Cualquiera que haya salido de Chile sabe que en nuestro país se paga un valor comparativamente muy alto por la gasolina. De hecho, frente a naciones de similar ingreso per cápita, nos ubicamos en el segundo lugar, superado solo por Turquía. Y este alto costo no lo pagan solo las familias de mayores ingresos, como han querido justificarlo algunos, sino que afecta principalmente a la clase media, e indirectamente, a quienes perciben menos ingresos.
Este tributo, que hoy también es foco de críticas en medio de las movilizaciones sociales por mayor igualdad, fue creado en 1986 para financiar la reconstrucción de carreteras después del terremoto de 1985, y representa casi un 30% del valor que los automovilistas pagan por las gasolinas, lo que sumado al IVA, llega al 42% del valor total en gravámenes.
Lamentablemente, este impuesto no es equitativo, y solo afecta a los automovilistas, a los colectiveros y a muchas Pymes, porque los mayores consumidores, es decir, la industria y los transportistas, reciben una devolución de este impuesto.
Es por ello que en el marco de las actuales movilizaciones se han levantado también voces exigiendo su eliminación. El reclamo, de hecho, no es nuevo. En la última década se han presentado al menos tres mociones parlamentarias para rebajarlo o suprimirlo, pero tanto el actual Gobierno, como los anteriores, han descartado dicha posibilidad. Ningún ministro de Hacienda está dispuesto a dejar de percibir los más de 2 mil millones de dólares que anualmente se recaudan por este tributo, aunque el argumento más utilizado ha sido el que dicha medida significaría fomentar el uso del automóvil.

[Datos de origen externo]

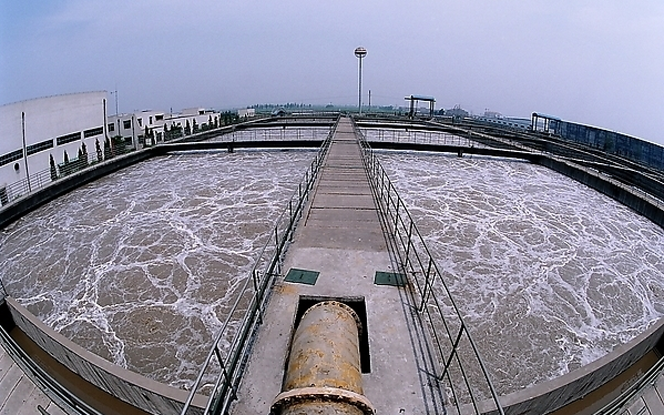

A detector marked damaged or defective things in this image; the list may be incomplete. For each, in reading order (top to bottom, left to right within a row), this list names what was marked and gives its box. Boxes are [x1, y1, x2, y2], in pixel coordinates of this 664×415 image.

rusty pipe [270, 302, 374, 415]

Es así como de ser un impuesto de reconstrucción, hoy se maquilla como un tributo verde, pese a que está lejos de serlo, ya que no establece una diferenciación por el nivel de contaminación (el diésel tiene un gravamen menor) y no castiga a motores más contaminantes. La medida para acallar las críticas usada por los gobiernos ha sido la implementación de sistemas de amortización de precios, como el FEPP, luego el Fepco y desde el 2011, el Sipco, que sin embargo, han demostrado ser ineficientes en amortiguar efectivamente las alzas, lo que queda de manifiesto en los tableros de precios de las bencineras y en el bolsillo de los consumidores.
Y si bien el programa de Gobierno de Sebastián Piñera -como en muchos temas que hoy integran la llamada “agenda social”- no contemplaba un cambio a este impuesto, hoy debe ser discutido abiertamente, pensando en una rebaja que equipare los precios con el poder adquisitivo de los chilenos, reformulando el tributo de manera que no discrimine y sea pagado por todos, y que a la vez, constituya efectivamente un impuesto verde.
Parece un desafío difícil, pero con la voluntad política y en el marco de una mayor escucha ciudadana, es posible.